If Postrel can claim, with great credibility, that “the story of textiles is the story of human ingenuity,” I would argue that it simply is the human story in its entirety. It is humans at our most artistic but also at our most calculating and scientific. It is humans at our most creative and innovative but also at our most routine and ordinary. It is human beauty and human cruelty. “At best, civilization encourages cooperation, curbing humanity’s violent urges; at worst, it unleashes them to conquer, pillage, and enslave. The history of textiles reveals both aspects.” After all, one cannot tell a history of textiles without telling a history of cotton, a fiber which millions were enslaved to cultivate. Postrel’s history is neither romantic nor cynical, forcing us to look at both the extraordinary inventiveness and energy which gives us everything we take for granted, and the terrible wrongs we casually inflict upon one another in pursuit of narrow benefits.
In short, The Fabric of Civilization is the story of humanity through the lens of fibers, threads, cloths, and dyes, the way they have been made and the complex patterns of trade that have matched stages of production with consumers around the world throughout history. More than history, in fact; Postrel begins in prehistory, noting “What we usually call the Stone Age could just as easily be called the String Age.”
The two prehistoric technologies were literally intertwined. Early humans used string to attach stone blades to handles, creating axes and spears.
The blades survived millennia, waiting to be excavated by archaeologists. The cords rotted away, their vestiges invisible to the naked eye. Scholars named prehistoric ages after the layers of increasingly sophisticated stone tools they found: Paleolithic, Mesolithic, Neolithic. Lithic means “of or pertaining to stone.” Nobody thought about the missing threads. But we get a false picture of prehistoric life and of the earliest products of human ingenuity when we imagine only the hard tools that easily endure the passage of time. Today’s researchers can detect traces of softer stuff.
There would be no stone tools without cords to hold them together.

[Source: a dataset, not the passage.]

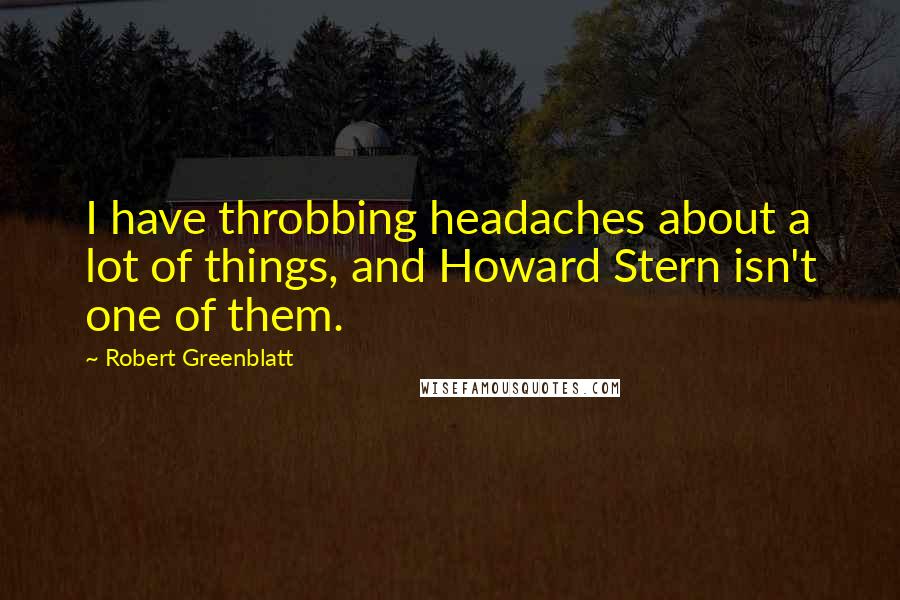 Robert Greenblatt quotes: I have throbbing headaches about a lot of things, and Howard Stern isn't one of them.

This passage also reveals another recurring theme in the book, another way in which the history (and prehistory) of textiles gives us a view to human ingenuity: the creative and scientific advancements made by scholars and researchers attempting to reveal more of the past than their predecessors were able to. This, too, is part of the human story, and it is the foundation Postrel’s own research rests upon.
And what a foundation it is. I must confess it is difficult to review a book which covers as much ground as this one. The Fabric of Civilization’s scope is vast in both time—beginning in prehistory and moving to the present, with many stops in between and return trips besides—and space, for Postrel tells a truly global history of textiles and the civilizations that produced them. Even this understates the breadth of what is covered; from the agricultural cultivation of sources of fiber, to the artistry of spinning threads, to the mathematical sophistication of weaving patterns—often turned into songs to serve as mnemonic devices—to the chemistry of dyeing, to the economics of trade from antiquity to today, to the various uses that people have found for textiles which creates the demand for all of this focused intelligence and energy.
In a remarkably concise package and in clear, accessible prose, The Fabric of Civilization offers more than any intellectually or historically curious reader could hope for.